A diabetes dos nossos pets é igual a dos seres humanos?
Em abril deste ano, a OMS lançou um novo pacto global para impulsionar esforços para prevenir e levar tratamento a todas as pessoas diabéticas. Segundo o diretor da OMS, Tedros Adhanom Ghebreyesus, “O número de pessoas com diabetes quadruplicou nos últimos 40 anos. É a única doença não transmissível importante para a qual o risco de morte precoce está aumentando, em vez de diminuindo, (…).”
As causas e o diagnóstico de diabetes em seres humanos são bem estabelecidos em qualquer parte do mundo, assim como a instituição do tratamento. E nossos cães e gatos? Podemos diagnosticar e tratá-los como pequenos seres humanos diabéticos?
Durante um curso promovido pela MV MINDS sobre diabetes mellitus, vários profissionais, nacionais e internacionais, discutiram sobre estes pontos em relação á etiologia, diagnóstico e tratamento da diabetes em cães e gatos. A etiologia e o diagnóstico do paciente diabético foram muito bem elucidados pelo prof. Alan Poppl, vice-presidente da ABEV e professor da Universidade do Rio Grande do Sul entre outras atribuições dentro da endocrinologia veterinária. Existem inúmeras semelhanças e diferenças entre nós, seres humanos, e nosso pets. Nos humanos a diabetes tipo I, é relacionada com a deficiência total da produção de insulina pelas células beta presentes no pâncreas, em decorrência da destruição imunomediada e por isso o uso da insulina é essencial na terapia. Apesar de não possuir evidências da presença de anticorpos contra as células produtoras de insulina nos cães, há evidências da diminuição do número e do tamanho das células beta, o que os tornam também dependentes de insulinoterapia para não evoluírem para um quadro de cetose.

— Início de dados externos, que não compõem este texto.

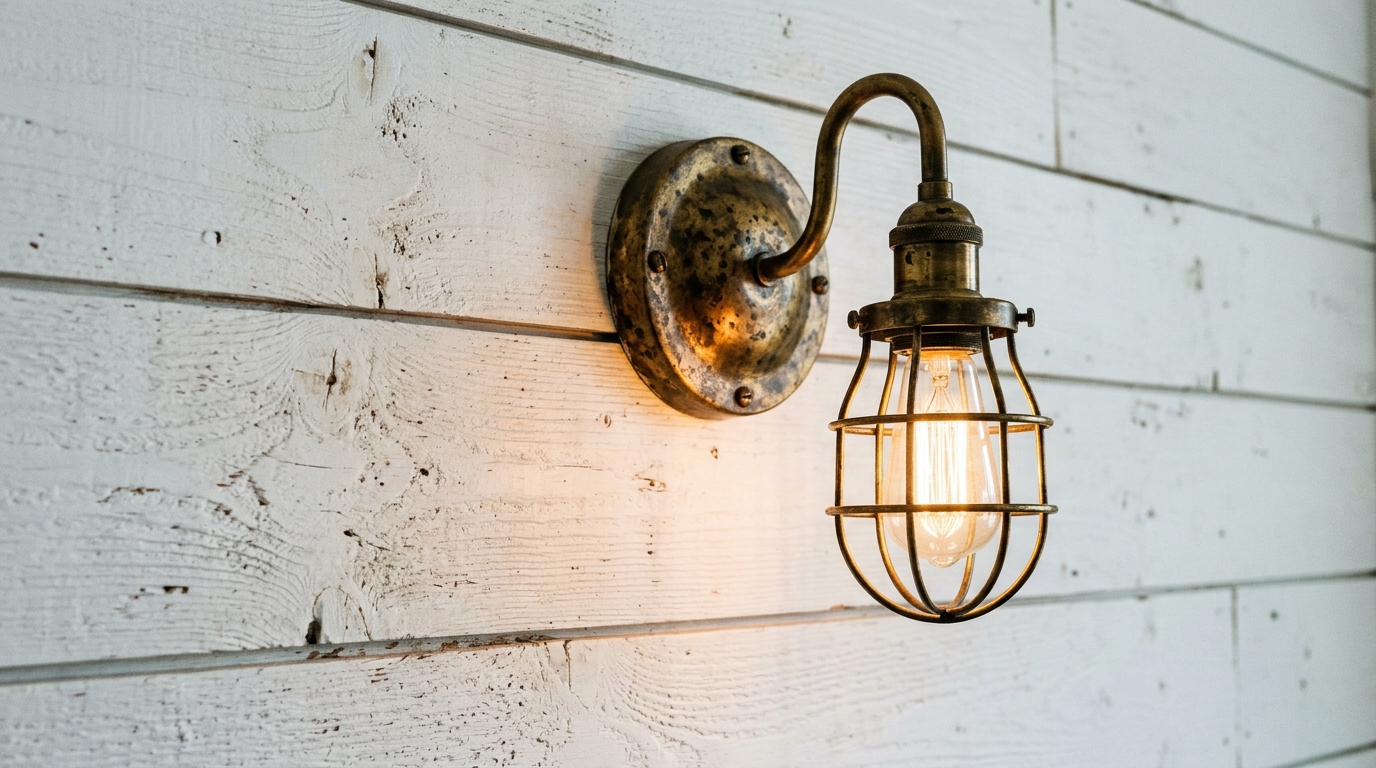 Close-up of antiqued brass wall sconce with high CRI lighting in a coastal interior design setting. Close-up of antiqued brass wall sconce with high CRI lighting in a coastal interior design setting.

A falta de comprovação imunomediada pode ser em decorrência do diagnostico tardio nestes pacientes. Os felinos por sua vez, apresentam evidências muito escassas de insulinite imunomediada, e apresentam um quadro muito semelhante ao diabetes tipo II dos seres humanos, que é marcado por uma obesidade importante, resultando em um quadro de resistência insulínica pelas diversas citocinas inflamatórias liberadas pelo tecido adiposo. Porém, muitos cães também apresentam no seu histórico, graus variados de obesidade e acesso ilimitado a petiscos altamente calóricos, o que poderiam predispor a quadros de resistência insulínica.
Outros quadros que podem estar associados com resistência insulínica seriam as doenças endócrinas como a Síndrome de Cushing, e o hipotireoidismo que acometem principalmente os cães e a acromegalia e o hipertireoidismo nos gatos. As cadelas apresentam ainda o diestro como um fator importante de resistência insulínica. Período, em que há um aumento dos níveis de progesterona e no estímulo da secreção de hormônio de crescimento pelas células mamarias, que diminuem a captação de glicose pelo tecido periférico e inibem a secreção de insulina pelas células pancreáticas. A influência dos hormônios sexuais nas cadelas é tão importante, que em países em que a castração não ocorre de forma corriqueira, as fêmeas são muito mais predispostas ao desenvolvimento da diabetes. E em países em que a maioria dos animais já são castrados, a predisposição para o desenvolvimento de diabetes é maior em machos de meia idade, em decorrência do ganho de peso excessivo principalmente ligado ao sedentarismo e à grande oferta de alimentos calóricos.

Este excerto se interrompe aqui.